Section 2.  Shares of Stock Subject to the Plan

     Subject to adjustment as provided in Section 11 hereof, an 
aggregate of 750,000 shares of Stock shall be available to Participants 
under the Plan.  Of such shares of Stock, a maximum of 150,000 shares 
shall be available for issuance pursuant to Awards of Restricted Stock 
and Restricted Stock Units.  The shares of Stock deliverable upon the 
exercise of any Award may be made available from authorized but unissued 
shares or shares reacquired by Multifoods, including shares of Stock 
purchased in the open market or in private transactions.  For purposes 
of this Section 2, if an Award entitles the holder thereof to receive or 
purchase shares of Stock, the number of shares subject to such Award 
shall reduce as of the Date of Grant the aggregate number of shares 
available for granting Awards under the Plan by the number of shares 
subject to such Award.  If Stock Appreciation Rights are granted in 
tandem with an Option under Section 4 hereof and the exercise of the 
Option would cancel the Stock Appreciation Rights and vice versa, then 
the grant of such Stock Appreciation Rights shall not reduce the number 
of shares of Stock available for granting Awards under the Plan.  Any 
shares of Stock that are used by a Participant as full or partial 
payment to Multifoods of the purchase price relating to an Award, or in 
connection with the satisfaction of tax obligations relating to an 
Award, shall again be available for granting Awards (other than 
Incentive Stock Options) to Eligible Employees.  If any Award granted 
under the Plan shall terminate, the shares of Stock subject to, but not 
delivered under, such Award shall be available for other Awards.  

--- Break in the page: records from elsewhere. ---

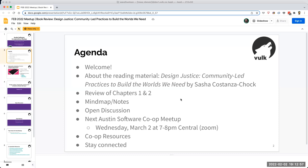Hello and welcome to the Austin Software Cooperatives Meetup Group. We are reviewing Design Justice: Community-Led Practices to Build the Worlds We Need by Sasha Costanza-Chock. We're reviewing chapters one and two — a book we felt deserved more than one review.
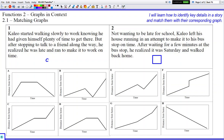It says Kaleo left his house running — so Kaleo starts off running. You're going to look for a graph that's steeper in the beginning. Then it says after waiting a few minutes at the bus stop, he realized it was Saturday and walked back home. Walking versus running, you're probably going to see a less steep line at the end of the graph. So that probably matches up with A a little bit better, because D is going to be slow in the beginning and fast at the end, whereas A is going to be fast in the beginning and slow at the end. That matches the story a little bit better.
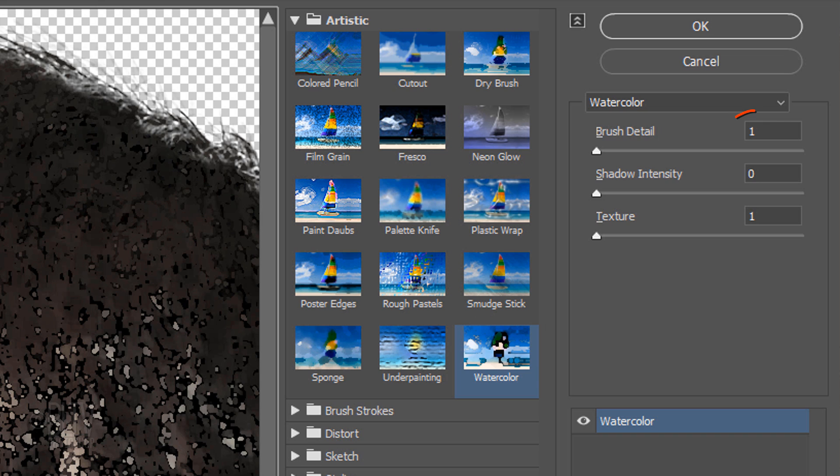Make the Brush Detail 1, the Shadow Intensity 0, and the Texture 1.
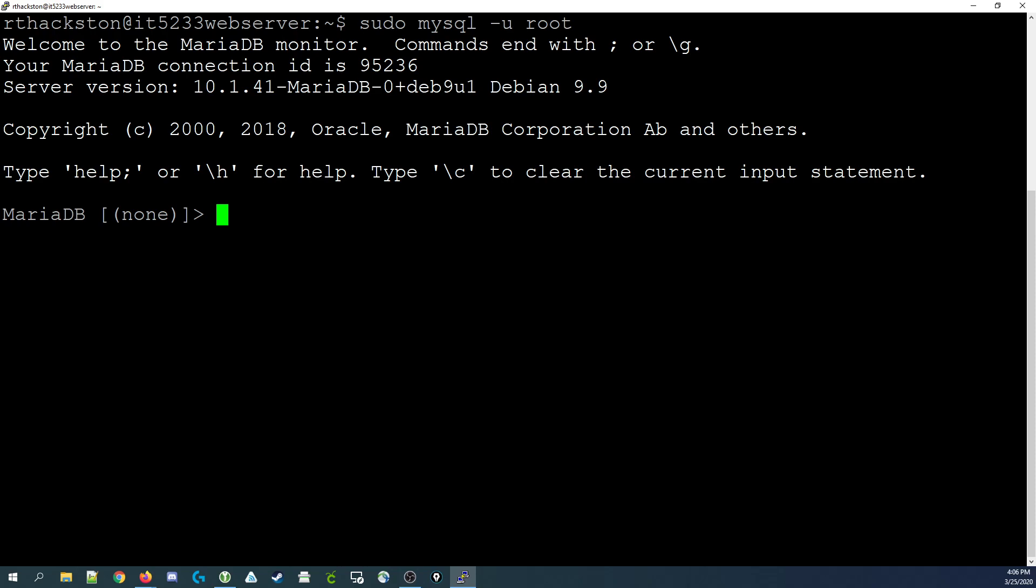And in case you're wondering, MariaDB is just a fork of the MySQL software that came along right after Oracle acquired it. So that's how you connect to MySQL. In the next videos I'll show you how to run some basic select statements.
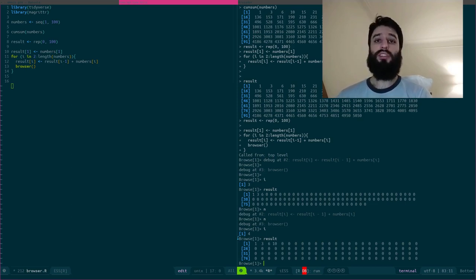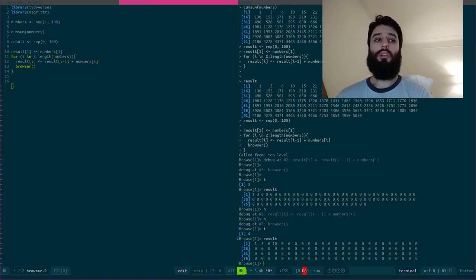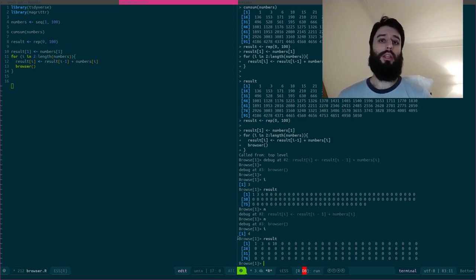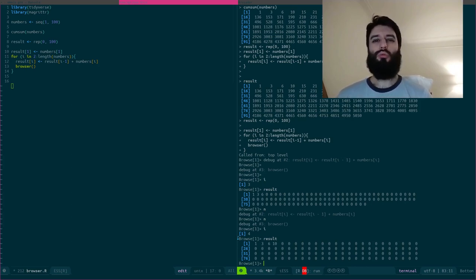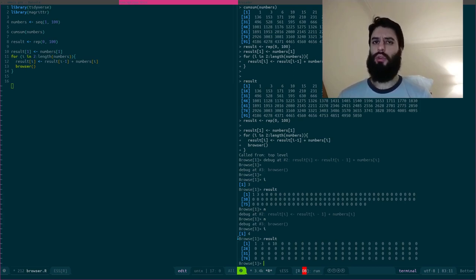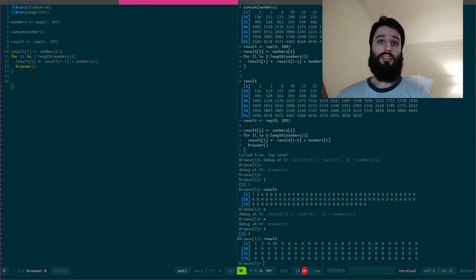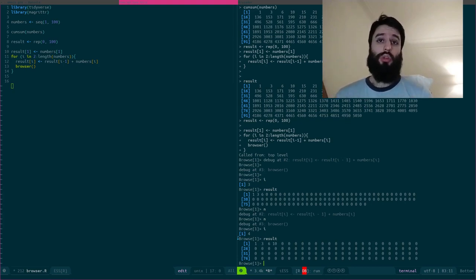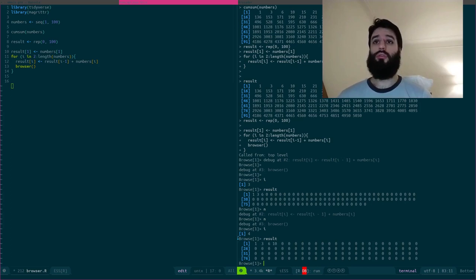So as you can see, this is really useful. If you have a very complex function or a very complex loop and you don't really understand what is going on at some point, you get weird results or you get a bug. So you just type in this browser function. The execution will stop at that line and you can browse your function.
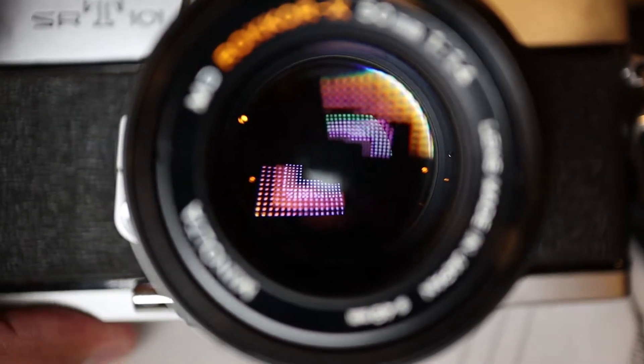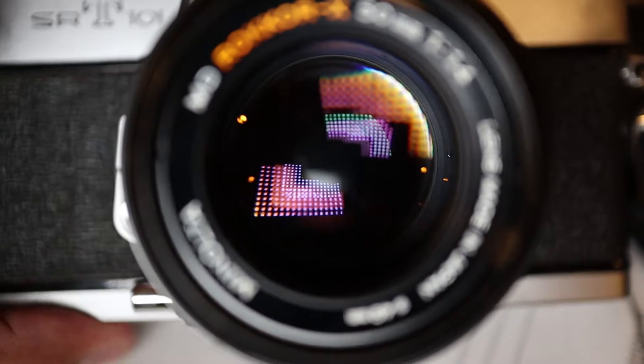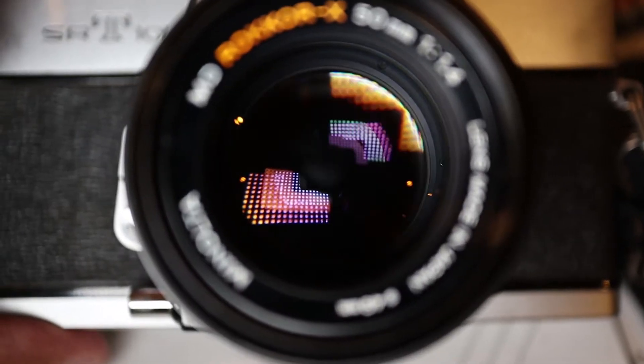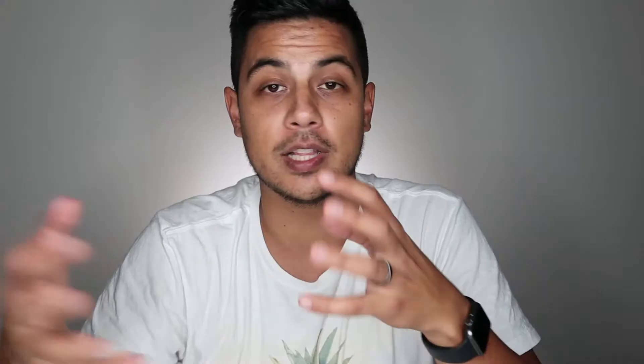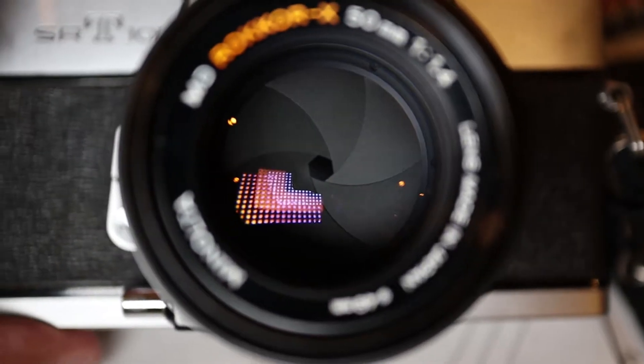A faster shutter speed — 1/1000th, 1/2000th, 1/8000th of a second — the faster it is, obviously the less light is going to hit that sensor, so the darker your image is going to be. The slower the shutter speed — one second, thirty seconds — it stays open the whole time, so you're going to get a much brighter image. Faster shutter speed equals a darker image; slower shutter speed equals more light and a brighter image.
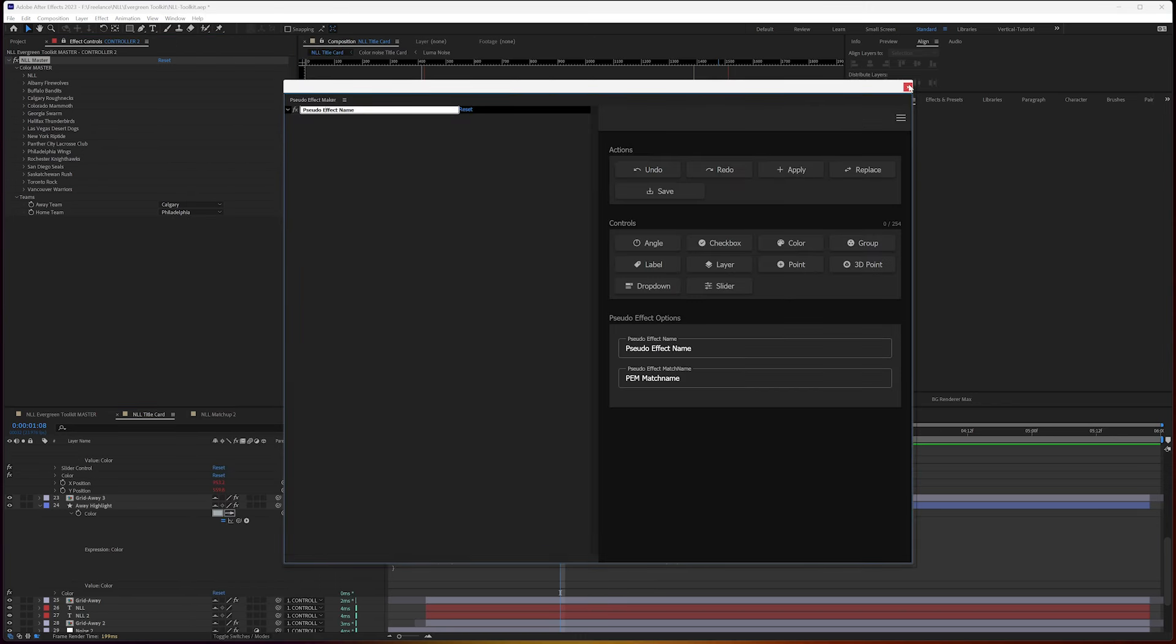You're probably going to want to use pseudo effect maker because it allows you to create in a way that maintains everything into one buttoned up looking file.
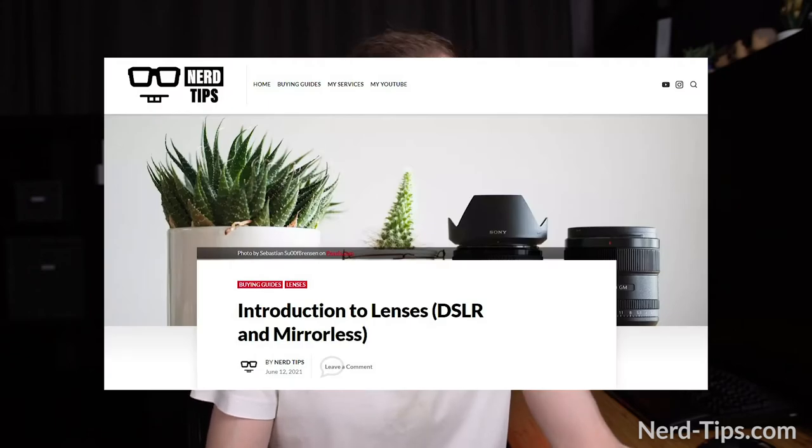Hey guys, thank you very much for joining me for this video. A couple of days ago I wrote a post on my new blog, which I will link down in the description. It's like an introduction to lenses, very basic stuff for beginners. I thought, why not make a video out of it? This video will help beginner photographers choose and actually approach buying their first lens for an interchangeable lens camera. Today I'm going to go through the very basics — basic parameters and basic characteristics of lenses.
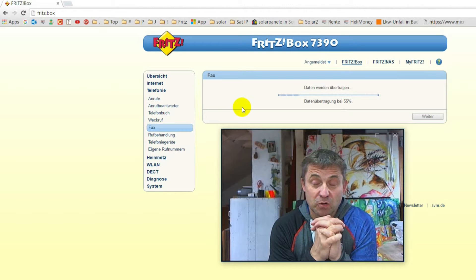Everything is okay. If you receive a fax and ask yourself where it is, you type in Fritzbox followed by slash NAS. The Fritzbox NAS is your USB storage. It's set up to storage 00. Here is the base folder Fritz, and from Fritz we have faxbox. Then we have a fax from this number, and when we open it we will see the received fax.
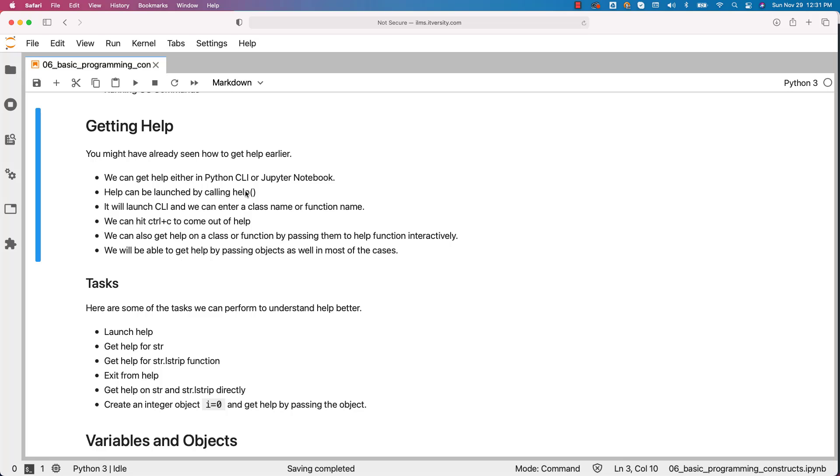Let's understand how we can get help. You might have already seen how to get help earlier. However, I want to reiterate so that we are really comfortable with respect to the help.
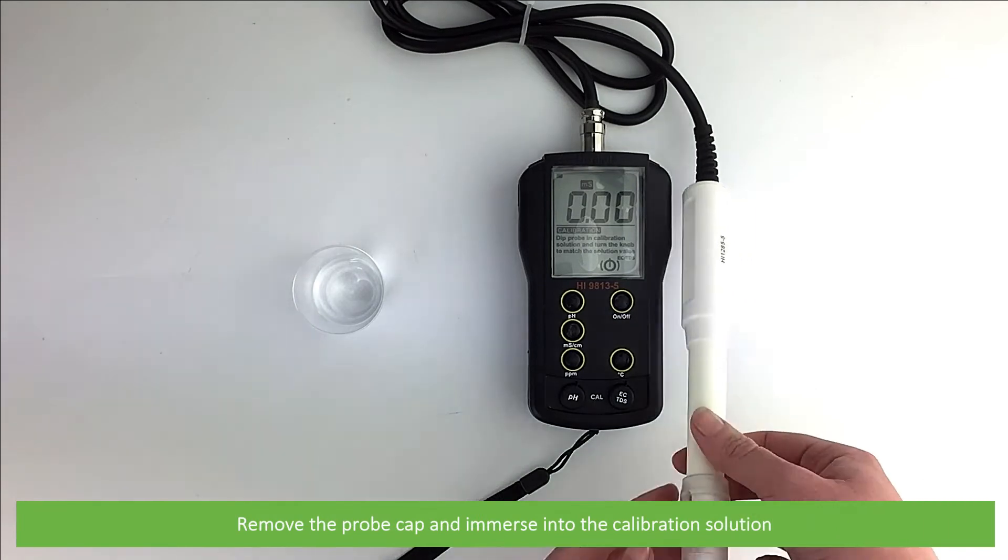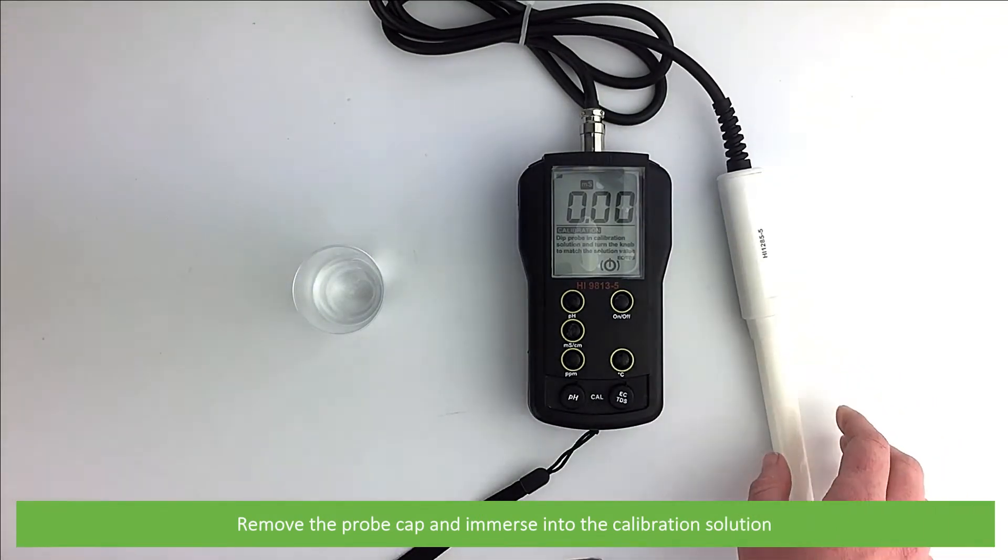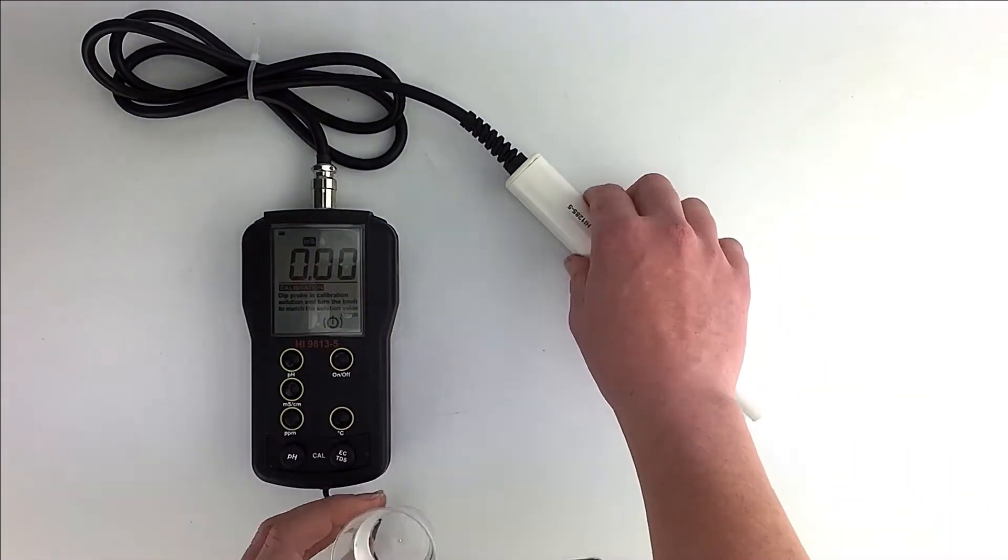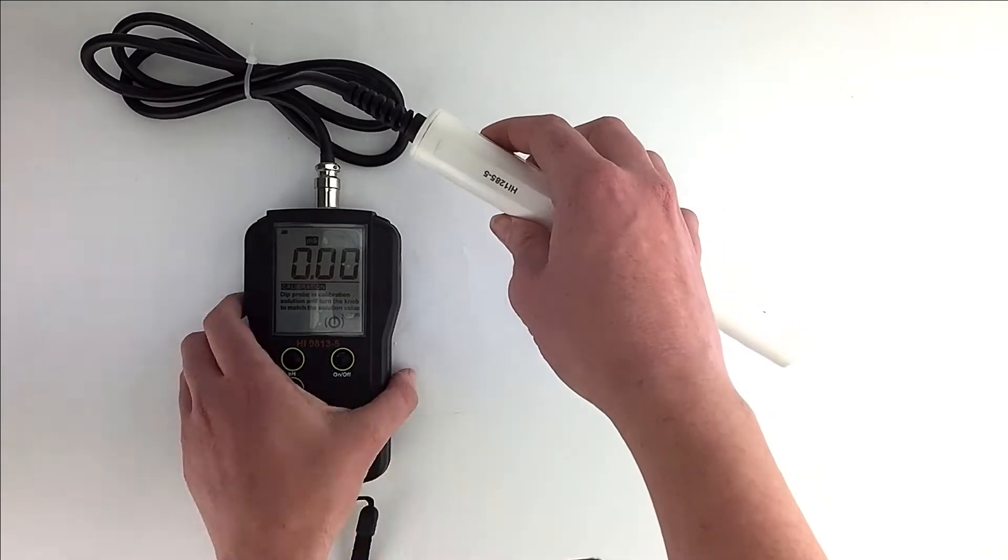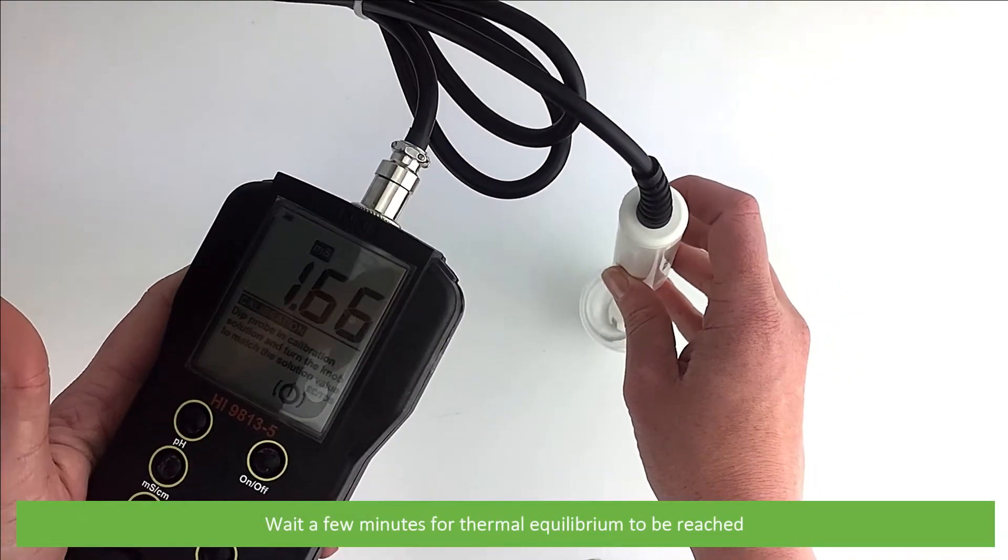Remove the probe cap and immerse into the calibration solution. Wait a few minutes for thermal equilibrium to be reached.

Section 3.  Grants of Awards; Expiration of and Limitations on Awards

     (a)     Officers and other key employees of Multifoods or any 
Subsidiary shall be eligible to be selected by the Committee to 
participate in the Plan.  The Committee may require any Participant to 
remain in the employ of Multifoods or a Subsidiary for a stated period 
or periods of time before an Award may be exercised; provided that 
nothing in the Plan or in any Award Agreement shall confer upon any 
Participant any right to remain in the employ of Multifoods or any of 
its Subsidiaries, and nothing herein shall be construed in any manner to 
interfere in any way with the right of Multifoods or any Subsidiary to 
terminate such Participant's employment at any time.
     (b)     Subject to the provisions of the Plan, the Committee shall:

     (i)     determine and designate from time to time those Eligible 
Employees to whom Awards are to be granted;

     (ii)     determine the form or forms of Award to be granted;

     (iii)     determine the amount or number of shares of Stock subject 
to each Award; and

     (iv)     determine the terms and conditions of each Award, provided 
that no Award shall have a term that extends beyond 10 years from the 
Date of Grant.

     (c)     Each Award granted under the Plan shall be evidenced by a 
written Award Agreement.  Each Award Agreement shall be subject to the 
applicable terms and conditions of the Plan and any other terms and 
conditions (not inconsistent with the Plan) determined by the Committee.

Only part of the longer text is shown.